Avocat au Barreau d'ANGERS

DESS droit des entreprises
Membre de l’Institut du Droit Equin
Chargée d’enseignement au pôle universitaire du saumurois

Diplômée d’un DESS droit des entreprises dispensé par la Faculté de Droit d’Angers, Sophie BEUCHER a intégré le Cabinet LEXCAP en 2004 en qualité de juriste.

Après avoir obtenu son diplôme professionnel par équivalence, elle s’est inscrite au Barreau d’Angers en 2009 tout en poursuivant sa collaboration avec le Cabinet LEXCAP et plus particulièrement avec Thierry BOISNARD dans le domaine du contentieux commercial.

Elle fait partie de l’équipe du secteur contentieux commercial qui intervient dans tous les domaines du droit des affaires.

Sophie BEUCHER est plus particulièrement en charge des contentieux relatifs aux litiges commerciaux, recouvrement de créances, droit de la consommation, droit bancaire, cautionnement, procédures collectives.
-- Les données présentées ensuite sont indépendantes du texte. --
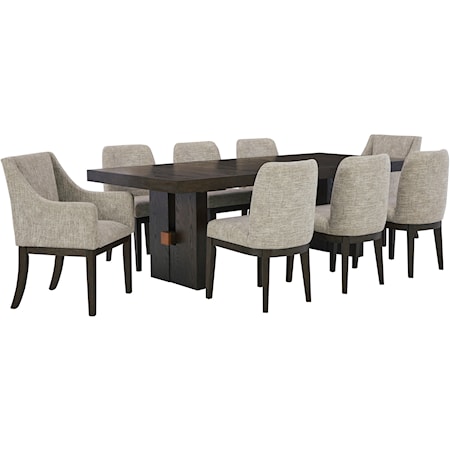 9-Piece Dining Set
Par ailleurs, elle a développé une activité spécifique de droit équin, qu’il s’agisse des procédures judiciaires liées à des mises en jeu de responsabilité, à des ventes de chevaux, relations contractuelles, assurances, indivision, troubles de voisinage…ou qu’il s’agisse de conseils auprès de cavaliers, gérants d’écuries et entraineurs de galopeurs ou trotteurs consistant notamment dans la rédaction de contrats de vente, contrats commerciaux, de sponsoring, de mise en demeures.